Sociodemographic factors associated with Wilms tumor treatment and survival: a population-based study.

Abstract

Though Wilms tumor (WT) is one of the most common malignancies in children, there is a paucity of epidemiologic studies exploring sociodemographic disparities in treatment and survival. Here, we leveraged a national cancer registry to examine sociodemographic factors associated with receipt of adjuvant therapy, either chemotherapy or radiation, as well as overall survival among pediatric patients with WT. Within the Surveillance Epidemiology and End Results database (2000-2016), we identified 2043 patients (≤ 20years of age) with unilateral WT. Multivariable logistic regression and Cox proportional hazard models were constructed to examine the association of sociodemographic factors with, respectively, adjuvant chemotherapy/radiotherapy and overall survival (OS).

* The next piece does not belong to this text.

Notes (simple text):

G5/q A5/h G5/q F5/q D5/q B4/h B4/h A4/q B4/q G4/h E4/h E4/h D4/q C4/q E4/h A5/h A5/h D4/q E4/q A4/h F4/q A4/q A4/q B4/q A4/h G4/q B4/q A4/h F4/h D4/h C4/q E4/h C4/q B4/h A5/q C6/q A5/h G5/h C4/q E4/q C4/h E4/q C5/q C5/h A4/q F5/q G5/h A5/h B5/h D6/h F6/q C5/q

Patients in the lowest SES quintile (OR 0.56, 95% CI 0.33-0.93, p = 0.03) were less likely to receive chemotherapy as compared to those in the highest SES quintile, though this association did not persist in sensitivity analyses including only patients at least 2 years of age and patients with regional/distant disease. In addition, female patients were more likely to receive chemotherapy (OR 1.46, 95% CI 1.08-1.97, p = 0.02) than male patients. Age, race, year of diagnosis, insurance status, and tumor laterality were not associated with receipt of chemotherapy. No sociodemographic variables were associated with receipt of radiotherapy. Lastly, as compared to Non-Hispanic-White patients, Hispanic patients had worse OS (HR 1.59, 95% CI 1.08-2.35, p = 0.02); no other sociodemographic variables were associated with OS. This study suggests multilevel sociodemographic disparities involving ethnicity and SES in WT treatment and survival.